Tuesday, April 24, 2012

The print monster

As James Murdoch, with that weird, strangulated parrot voice of his, made a personal deposition to the Leveson Inquiry into press standards, BBC Radio five Live (making good its name) broadcast direct from the session.  After hearing some evidence and making a brief analysis of it, one of the anchors intimated a return to listening to the proceedings with “Let’s see where this is going.”  Thus, we were transported back to the Inquiry chamber at the High Court of Justice, whereupon an email of Murdoch’s was read out to the assembled audience containing the salty, angry phrase, “You must be f[**]king joking.”  A hurried retreat to the studio brought a sheepish apology and the collapsing rationale that it was “secondhand swearing but still swearing.”  Caught out there and at 1.45 in the afternoon!

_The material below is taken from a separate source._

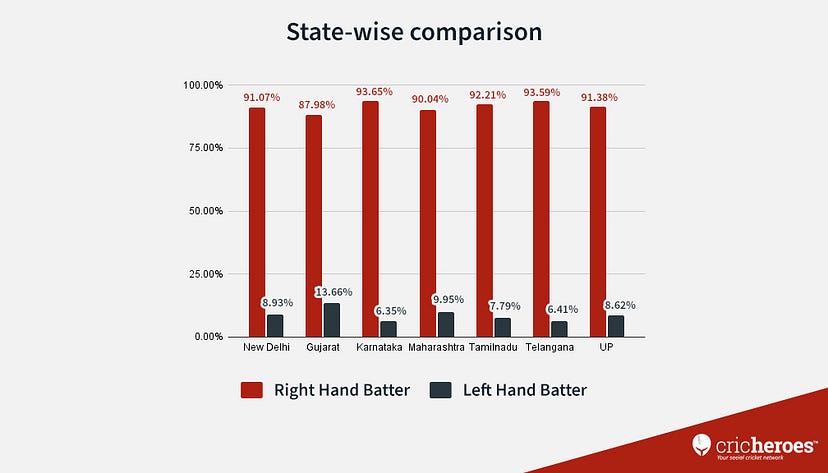 State-wise comparison of right hand vs left hand batters in grassroots cricket in 2021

I’m sure there will be fulminations about the BBC’s recklessness and naïvety, polluting the nation’s ears, but, just as the source was a Murdoch, so has damage to British society come from the Murdoch press.  The Daily Telegraph may soft-pedal it, fearing further erosion of the right-wing majority in newspapers, but the case of a bricklayer, Clive Peachey, who did not act to help a two year-old toddler, Abigail Rae, walking alone in the street (the child later was found drowned) out of fear of being accused as a paedophile can be traced back to the Murdoch tabloids, specifically The News of the World under the editorship of Rebekah Wade (now Brooks).  This child’s death was in 2002 yet the inquest is taking place now.

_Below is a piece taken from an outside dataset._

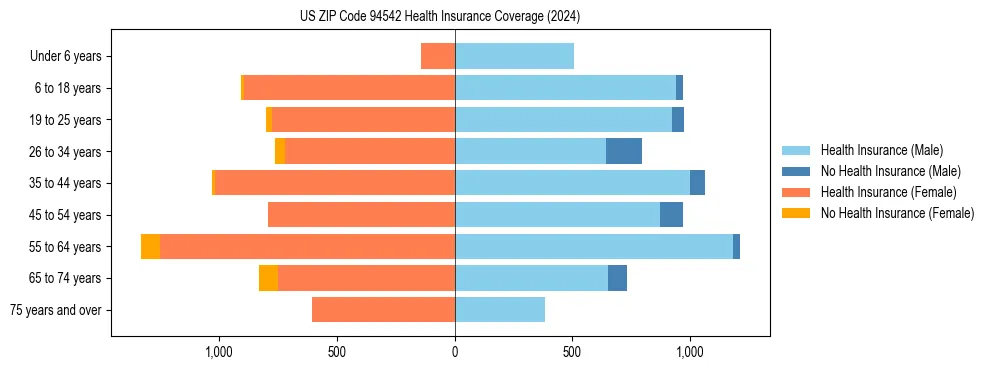 Health insurance pyramid for US ZIP Code 94542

The Telegraph may focus on the number of CRB checks (now standing at 32 million – if that was for a separate individual each time it would be more than half the population of the UK) and how the government secret register, List 99, was operated for a number of years with little trouble occurring, but the level of hysteria engendered by the red-top in the wake of the murder of Sarah Payne in 2000 and then the Soham murders in 2002 was such as to make the country a more fearful place, especially of male adults, all to sell papers for profit.  Witness the semi-literate (some of those placards) mobs in Portsmouth in 2000.  The campaign to introduce a Sarah’s Law was supposed to protect children, yet because Peachey was frightened of being accused of trying to abduct Abigail, she ended up dead.  One can blame the nursery Ready Teddy Go for a catastrophic failure of care or that Peachey was being too cautious, but Rebekah Wade made the Salem witch trials look like examples of moderation.  She is the Lady Macbeth from whom the bloody spot cannot be washed.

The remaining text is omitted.